Maybe it's different for Sounds True, or for non-fiction, or what have you. In any case, summer months are the doldrums for fiction, so my agent and I are regrouping and gearing up for our next assault once editors get back from their holidays.

For me, regrouping meant a rewrite of Dragon Waking, which I managed to trim by 100 pages (previously 350, now 250), without, I think, losing anything essential. There were only a few big chunks that I thought I could drop entirely. The rest of the process was like cutting down a tree with sandpaper. Every sentence, every paragraph, and every exchange of dialogue got scrutinized, and I tightened up everything I could.

At first, it was agonizing. And then I started to really enjoy it. I learned a lot.

I also figured out something more exciting to do with the second chapter, which amplifies the tension in the all-important early pages. So that's good.

In short, Dragon Waking has slimmed down into the middle-weight division (or middle-grade) and is leaner, meaner, and ready to get in the ring and mix it up. Fortunately, unlike prize fighting, you only have to win one bout in this game to come out ahead.

Monday, July 15, 2013

Progress Report -- July 15, 2013

So I've had one positive nibble and several "almost, but not quite" rejections now as my agent (Jennifer Unter) continues to shop Dragon Waking. There's a common theme with the feedback. The editors all like it and think the writing is good, but ultimately feel like the pace is too slow, especially early on.

Okay. Rewriting again.

Do I agree with this feedback? It's hard to say. On the one hand, I certainly believe that good pacing in fiction is important, and I'm under no delusions that I've perfected the art.

On the other hand, I can't help but feel that many of our gatekeepers of fiction (editors and agents, primarily) presume a bit when they say that "readers" like things this way or that way. A good book-buying reader tends to read... what, one book a month? Just guessing at that, but certainly two a month would be high. Agents/editors read dozens, and stop reading countless more because they have to get on to the next.

The person who reads more books is going to be more discerning and aware of the ins and outs of fiction, and that's all to the good. But that person also might develop a brand of impatience that does not really reflect what the general audience feels.

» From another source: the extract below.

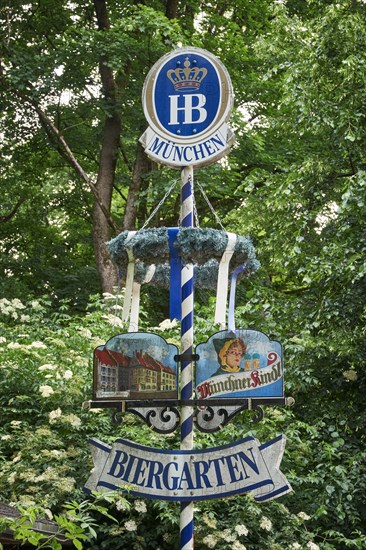 Sign beer garden in front of trees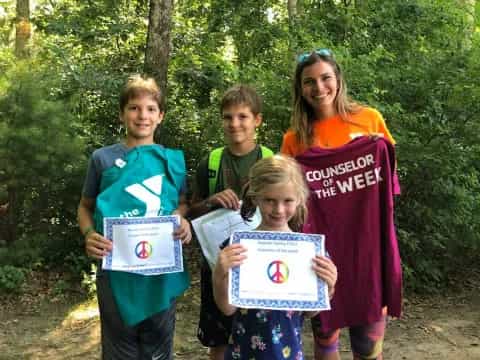 a group of people holding signs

Anyway, I might just be expressing the annoyance of someone who has been asked to shorten his book by about 1/3. I've got a plan to do it, I'm underway, and wish me luck.

Monday, June 17, 2013

Chronicles of a Recovering Reductionist

With my own writing news in something of a holding pattern (I'm working on a new book, waiting to see if we can make any progress with Dragon Waking), here's a different sort of blog entry...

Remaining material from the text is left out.